A city or county may not treat a sleeping unit in co-living housing as more than 0.25 of a dwelling unit for purposes of calculating dwelling unit density or fees for permitting and utility connections and may not exclude co-living housing from participating in affordable housing incentive programs.
Any action taken by a city or county to implement co-living housing requirements is not subject to a legal challenge under the GMA or the State Environmental Policy Act (SEPA).
The original bill prohibits fully planning cities and counties from establishing certain minimum parking requirements for co-living housing. The substitute bill provides an exemption from this prohibition if a city or county submits, and Commerce finds and certifies, that the application of off-street parking limitations for co-living housing will be significantly less safe for vehicle drivers or passengers, pedestrians, or bicyclists than if the jurisdiction's parking requirements were applied to the same location.
The substitute bill clarifies that a city or county may not require any standards for co-living housing that are more restrictive than those required for multifamily residential uses in the same zone, instead of those required for any residential uses in the same zone.
The substitute bill exempts any action by a city or county to implement co-living housing requirements from a legal challenge under the GMA or SEPA.
(In support) The key to solving the housing crisis is building all types of housing. Co-living housing is not a new idea. It is a small, simple, and affordable housing solution that was very common until cities regulated it out of existence. Co-living housing is affordable housing that does not require a subsidy. Some people want to live in shared housing or cannot afford to live in other housing in their chosen community. The shared spaces can create a sense of community for its residents. Aging in place means aging in the community people want to live in. Housing choices for seniors can be limited, and co-living housing creates an option for seniors who can then sell their house to a larger household who needs it. Excessive parking is not needed for co-living housing.
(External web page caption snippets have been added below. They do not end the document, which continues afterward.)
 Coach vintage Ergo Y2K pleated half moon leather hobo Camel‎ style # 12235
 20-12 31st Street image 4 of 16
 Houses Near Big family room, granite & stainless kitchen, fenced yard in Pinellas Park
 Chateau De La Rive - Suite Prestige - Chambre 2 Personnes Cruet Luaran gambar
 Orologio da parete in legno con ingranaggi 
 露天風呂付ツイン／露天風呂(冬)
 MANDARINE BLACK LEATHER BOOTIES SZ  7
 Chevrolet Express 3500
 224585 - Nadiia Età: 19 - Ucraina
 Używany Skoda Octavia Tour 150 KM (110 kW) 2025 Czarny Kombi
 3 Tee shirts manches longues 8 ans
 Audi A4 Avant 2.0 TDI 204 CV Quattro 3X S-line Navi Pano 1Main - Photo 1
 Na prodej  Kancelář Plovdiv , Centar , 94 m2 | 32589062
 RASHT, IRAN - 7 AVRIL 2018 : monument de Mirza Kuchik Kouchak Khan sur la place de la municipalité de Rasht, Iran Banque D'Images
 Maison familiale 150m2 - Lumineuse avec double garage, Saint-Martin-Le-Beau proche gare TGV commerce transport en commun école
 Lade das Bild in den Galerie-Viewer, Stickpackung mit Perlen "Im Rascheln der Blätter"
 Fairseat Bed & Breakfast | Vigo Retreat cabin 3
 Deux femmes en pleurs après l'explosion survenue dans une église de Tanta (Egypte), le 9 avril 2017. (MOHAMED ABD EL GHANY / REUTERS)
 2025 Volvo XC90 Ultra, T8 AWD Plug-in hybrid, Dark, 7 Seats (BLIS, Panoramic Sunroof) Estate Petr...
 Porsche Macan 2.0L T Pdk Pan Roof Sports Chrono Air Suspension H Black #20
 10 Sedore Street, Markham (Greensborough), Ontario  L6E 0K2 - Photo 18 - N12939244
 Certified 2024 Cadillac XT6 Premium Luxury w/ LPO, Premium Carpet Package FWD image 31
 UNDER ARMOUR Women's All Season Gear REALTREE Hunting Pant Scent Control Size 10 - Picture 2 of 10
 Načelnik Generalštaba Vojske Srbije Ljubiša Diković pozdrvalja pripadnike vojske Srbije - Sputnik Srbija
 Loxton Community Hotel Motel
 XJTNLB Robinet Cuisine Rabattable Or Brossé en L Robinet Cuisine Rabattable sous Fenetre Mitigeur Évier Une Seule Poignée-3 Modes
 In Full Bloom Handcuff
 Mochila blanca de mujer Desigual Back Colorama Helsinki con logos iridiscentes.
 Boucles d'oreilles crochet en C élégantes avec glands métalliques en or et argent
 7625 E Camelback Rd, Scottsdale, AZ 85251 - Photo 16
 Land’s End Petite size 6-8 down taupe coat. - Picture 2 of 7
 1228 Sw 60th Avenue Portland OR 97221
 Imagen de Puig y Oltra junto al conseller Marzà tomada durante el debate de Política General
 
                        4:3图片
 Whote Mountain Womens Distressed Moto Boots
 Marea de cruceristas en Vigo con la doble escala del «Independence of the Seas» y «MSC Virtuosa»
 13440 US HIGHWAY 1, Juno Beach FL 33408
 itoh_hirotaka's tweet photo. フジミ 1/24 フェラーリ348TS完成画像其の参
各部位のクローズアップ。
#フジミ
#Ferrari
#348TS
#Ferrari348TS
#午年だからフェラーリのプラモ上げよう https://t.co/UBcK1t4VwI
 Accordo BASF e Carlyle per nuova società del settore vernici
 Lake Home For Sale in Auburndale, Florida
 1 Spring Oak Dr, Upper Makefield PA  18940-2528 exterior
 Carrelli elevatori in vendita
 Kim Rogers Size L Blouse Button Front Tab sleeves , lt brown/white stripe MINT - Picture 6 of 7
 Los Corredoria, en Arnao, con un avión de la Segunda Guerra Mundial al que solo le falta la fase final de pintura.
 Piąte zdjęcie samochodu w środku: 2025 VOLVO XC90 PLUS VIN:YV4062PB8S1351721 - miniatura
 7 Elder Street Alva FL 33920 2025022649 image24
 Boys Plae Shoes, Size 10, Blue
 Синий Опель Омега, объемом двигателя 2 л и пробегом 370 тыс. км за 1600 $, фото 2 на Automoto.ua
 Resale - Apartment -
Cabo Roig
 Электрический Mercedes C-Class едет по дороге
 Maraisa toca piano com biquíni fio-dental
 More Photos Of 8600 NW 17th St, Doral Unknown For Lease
The parking standards included are based on the actual experiences of cities in the state. Parking makes housing more expensive, and housing for people needs to be prioritized over parking for cars.
(Opposed) None.
(Other) Cities have not expressed a lot of objections to the bill. There is some speculation that requiring co-living housing to be allowed everywhere multifamily housing is allowed could result in some cities limiting zoning for multifamily housing. Cities and counties have some concerns about the calculation of permitting and utility fees. Because fees are set on the actual costs, cities and counties may have to shift some of the fees to other types of housing. The requirement that co-living housing must be treated the same as other types of housing also raises some concerns that building code requirements for larger buildings may not be able to be applied. Planners believe that co-living housing increases the demand for parking, and if the developers are not providing parking, the responsibility will shift to cities and counties. The current timeline for implementation should be adjusted to reflect that many cities and counties are in the process of making their comprehensive plan updates and may need more time to implement this requirement. There is some concern that co-living housing would need to be treated like convalescent homes under the building code.
(In support) Representative Mia Gregerson, prime sponsor; Ben Stuckart, Spokane Low Income Housing Consortium; Cynthia Stewart; Dan Bertolet, Sightline Institute; Angela Rozmyn, Natural and Built Environments; David Neiman, Neiman Taber Architects PLLC; Benjamin Maritz, Great Expectations LLC; Cathy MacCaul, AARP Washington State; Bryce Yadon; Morgan Irwin, Association of Washington Business; Tedd Kelleher, Department of Commerce; and Representative Andrew Barkis.